Seen in Jeonju

The Story of Janghwa and Hongryeon (1972)

14th July 2010

story of janghwa hongryeonI received an order of DVDs yesterday that consisted entirely of the recently released movies of the 60s and 70s that I posted about here. The student in my house, probably tired of preparing for a graduate class, suggested we watch one. I let him pick and he chose Janghwa and Hongryeon.  That probably would not have been my first choice.  Don’t get me wrong, horror is one of my favorite genres, but this film is directed by Lee Yu-seob. In my opinion, he is not one of the better directors of the period. I had previously seen My Sister’s Regrets (1971), a ghost story like this one,  and Sister (1973) one of the worst of the 70s films I have seen. It was overwrought melodrama that constantly strove the make the viewer cry and constantly failed because all the characters were so bland I couldn’t care what happened to them. I think the running time of Sister was something like 70 minutes but it felt like the movie would never end.  Fortunately, Lee does a little bit better with The Story of Janghwa and Hongryeon…but there was a lot of room for improvement.

The story is a classic Korean tale that takes place sometime in the Joseon period and the movie more or less the traditional plot.  Janghwa and Hongryeon are sisters.  Their mother had passed away and their father had remarried Mrs. Heo.  Heo is only interested in her new, wealthy husband’s riches which she wants for herself and her son, Jang-swe whose is mentally challenged and easily controlled by his scheming mother. Heo’s first step towards securing the potential inheritance for her son is to turn the girl’s father against Janghwa, the family favorite. To this end, she has Jang-swe catch and skin a rat and leave it in Janghwa’s bed in the middle of the night. She then awakens her husband on the pretense of hearing a man in the girls’ shared room and then convinces him that the bloody remains of the rat actually belong to an aborted child.  Janghwa’s father is furious that his daughter is not chaste and throws her out of the house. Jang-swe leads her away on horseback to a cliff and then informs Janghwa that he is under orders to kill her. Although he is brandishing a dagger, it seems unlikely he could actually carry out his mother’s plan, but Janghwa, shamed beyond bearing, opts to jump from the cliff on her own accord. A ghost is seen around the village and Heo convinces the family with the help of a dishonest mystic that it is attached to Hongryeon. The young girl is tortured under the guise of exorcism and she is drive mad. Searching for her sister, Hongryeong wanders into the pool at the base of a waterfall and drowns. It would seem that Heo has won except the ghosts of the girls appear to their father and a local magistrate and haunt them until Heo is brought to justice.
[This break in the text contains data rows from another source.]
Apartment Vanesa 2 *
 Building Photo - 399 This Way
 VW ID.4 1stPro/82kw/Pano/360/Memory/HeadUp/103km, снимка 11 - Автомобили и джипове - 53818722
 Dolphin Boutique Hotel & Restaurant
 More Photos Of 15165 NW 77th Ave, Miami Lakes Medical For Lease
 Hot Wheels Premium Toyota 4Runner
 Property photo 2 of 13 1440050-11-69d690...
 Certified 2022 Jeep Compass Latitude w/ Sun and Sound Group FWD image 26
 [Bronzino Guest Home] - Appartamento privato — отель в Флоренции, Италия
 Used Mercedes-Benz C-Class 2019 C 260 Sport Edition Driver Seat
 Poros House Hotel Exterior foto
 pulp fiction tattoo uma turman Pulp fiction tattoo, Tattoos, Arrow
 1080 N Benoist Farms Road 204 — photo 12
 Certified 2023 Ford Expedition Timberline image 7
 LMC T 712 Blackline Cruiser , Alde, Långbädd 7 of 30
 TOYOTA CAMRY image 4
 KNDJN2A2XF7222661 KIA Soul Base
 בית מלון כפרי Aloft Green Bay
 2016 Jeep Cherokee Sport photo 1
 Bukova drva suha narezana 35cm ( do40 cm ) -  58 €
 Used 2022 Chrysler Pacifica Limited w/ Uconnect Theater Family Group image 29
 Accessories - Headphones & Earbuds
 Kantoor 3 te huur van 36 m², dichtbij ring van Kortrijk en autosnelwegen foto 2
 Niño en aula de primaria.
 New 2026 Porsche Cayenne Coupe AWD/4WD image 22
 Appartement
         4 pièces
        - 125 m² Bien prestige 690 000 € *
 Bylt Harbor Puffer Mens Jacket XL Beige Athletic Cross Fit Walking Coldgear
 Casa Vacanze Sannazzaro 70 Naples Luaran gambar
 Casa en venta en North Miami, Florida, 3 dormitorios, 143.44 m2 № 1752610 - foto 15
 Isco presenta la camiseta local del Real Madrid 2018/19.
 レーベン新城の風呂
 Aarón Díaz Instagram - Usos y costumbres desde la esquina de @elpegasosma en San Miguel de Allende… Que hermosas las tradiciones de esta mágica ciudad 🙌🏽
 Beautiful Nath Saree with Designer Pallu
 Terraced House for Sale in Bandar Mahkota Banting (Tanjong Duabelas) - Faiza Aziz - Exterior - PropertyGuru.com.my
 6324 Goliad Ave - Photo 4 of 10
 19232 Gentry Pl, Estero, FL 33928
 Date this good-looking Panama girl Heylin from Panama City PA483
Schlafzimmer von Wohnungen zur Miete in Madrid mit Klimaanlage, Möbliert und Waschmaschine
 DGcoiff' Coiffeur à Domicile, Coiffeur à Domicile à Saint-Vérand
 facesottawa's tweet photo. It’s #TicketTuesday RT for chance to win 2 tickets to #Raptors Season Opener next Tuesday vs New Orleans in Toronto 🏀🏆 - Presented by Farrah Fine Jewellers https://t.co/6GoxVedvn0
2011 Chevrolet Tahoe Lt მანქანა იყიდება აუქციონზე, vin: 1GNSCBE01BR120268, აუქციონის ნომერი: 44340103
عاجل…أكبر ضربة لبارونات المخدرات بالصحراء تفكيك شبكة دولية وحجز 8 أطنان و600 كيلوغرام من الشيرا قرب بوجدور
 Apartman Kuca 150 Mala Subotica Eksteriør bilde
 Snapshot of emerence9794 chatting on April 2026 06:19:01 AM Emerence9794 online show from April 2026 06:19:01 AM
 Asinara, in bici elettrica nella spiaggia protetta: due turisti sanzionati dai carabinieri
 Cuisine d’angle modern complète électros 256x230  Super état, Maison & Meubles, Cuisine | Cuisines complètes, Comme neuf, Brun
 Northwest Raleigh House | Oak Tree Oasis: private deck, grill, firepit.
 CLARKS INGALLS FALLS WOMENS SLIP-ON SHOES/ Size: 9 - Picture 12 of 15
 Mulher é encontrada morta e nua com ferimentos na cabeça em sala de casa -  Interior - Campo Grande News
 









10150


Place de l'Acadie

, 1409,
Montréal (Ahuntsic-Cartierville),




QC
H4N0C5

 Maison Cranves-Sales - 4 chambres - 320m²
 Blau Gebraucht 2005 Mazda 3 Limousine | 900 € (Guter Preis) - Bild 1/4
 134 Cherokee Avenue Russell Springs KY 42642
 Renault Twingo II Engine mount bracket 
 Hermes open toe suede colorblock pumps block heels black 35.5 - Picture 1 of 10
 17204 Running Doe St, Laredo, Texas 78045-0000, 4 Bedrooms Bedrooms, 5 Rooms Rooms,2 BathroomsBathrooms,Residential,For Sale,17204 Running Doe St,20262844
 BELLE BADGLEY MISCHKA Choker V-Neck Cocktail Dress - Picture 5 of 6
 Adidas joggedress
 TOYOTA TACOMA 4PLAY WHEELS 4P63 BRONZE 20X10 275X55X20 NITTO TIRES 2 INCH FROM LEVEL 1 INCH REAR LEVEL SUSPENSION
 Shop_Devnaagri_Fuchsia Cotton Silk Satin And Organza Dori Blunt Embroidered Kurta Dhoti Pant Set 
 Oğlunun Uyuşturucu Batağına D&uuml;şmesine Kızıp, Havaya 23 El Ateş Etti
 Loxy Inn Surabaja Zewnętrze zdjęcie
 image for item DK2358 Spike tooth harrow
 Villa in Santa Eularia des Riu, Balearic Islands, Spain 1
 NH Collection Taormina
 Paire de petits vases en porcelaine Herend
janghwa hongryeon 1936One of the things I wished Lee had spent a little more time with is how the ghosts of the title characters were depicted. Whenever they appeared, Lee used a red filter over them and lots of dry ice smog. Except for the fact that their hair was down and they were dressed in white, they looked like two normal women. Even the poster above makes them appear most ghost-like than they ever appear in the movie. That would be fine except that these apparitions were supposed to be so scary that several people die of terror just by looking at them. Now compare that with the 1936 ghost of Janghwa pictured right. The makeup looks pretty good– unfortunately the movie is lost at the moment– so I can’t compare the movies.  Korean  films from the 30s keep slowly turning up so maybe we can see this one day…

A little more effort should have been put into the tiger as well.  This movie takes the same approach to the tiger that Ggotne did. Instead of spending money on a tiger costume or a trained animal, the director opted for a poorly and posed tiger carcass–and not a very large one at that. Some stagehand off camera is holding the tiger’s hindquarters and jiggling the animal around trying to make it look alive.  Since it is posed in one position with glass eyes open and mouth agape–this does not work. It did make me laugh and it made me think, as bad as it was, this tiger was better than the horrible CG tigers in the recent KBS2 version of Gumiho. Trust me–they were bad and their overuse made me turn it off less than halfway the program through never to see the end.

I don’t usually write about the end of a film but in this case I have to.  And since the movie is 30+ years old, I think it will be ok. Plus, it is not exactly the end I want to discuss–it is the supposed end.  The Korean Film Archives (KOFA) gives a plot synopsis that states, at the end of the movie, Janghwa suddenly returns to life after justice is servied and marries the magistrate.  This does not happen.  No one returns from the dead in this movie…although..there is a spot where the bodies are discovered that I had an idea that she was suddenly going start breathing.  I think it might have been in writer Lee Hee-woo’s original script for the movie but someone realized how ridiculous that would have been. The final scene takes place at the shrine for the sisters shows the final fate of their father and step-brother who were not present when the magistrate’s men came to arrest the guilty parties.

It is a shame that the DVD does not have English subtitles which would have introduced the story to a wider audience. Maybe it is not the best of the 70s, and it is much more of a drama than a horror film, but it is the best offering from Lee Yu-seob that I have seen so far and I did enjoy watching the movie in spite of  its faults.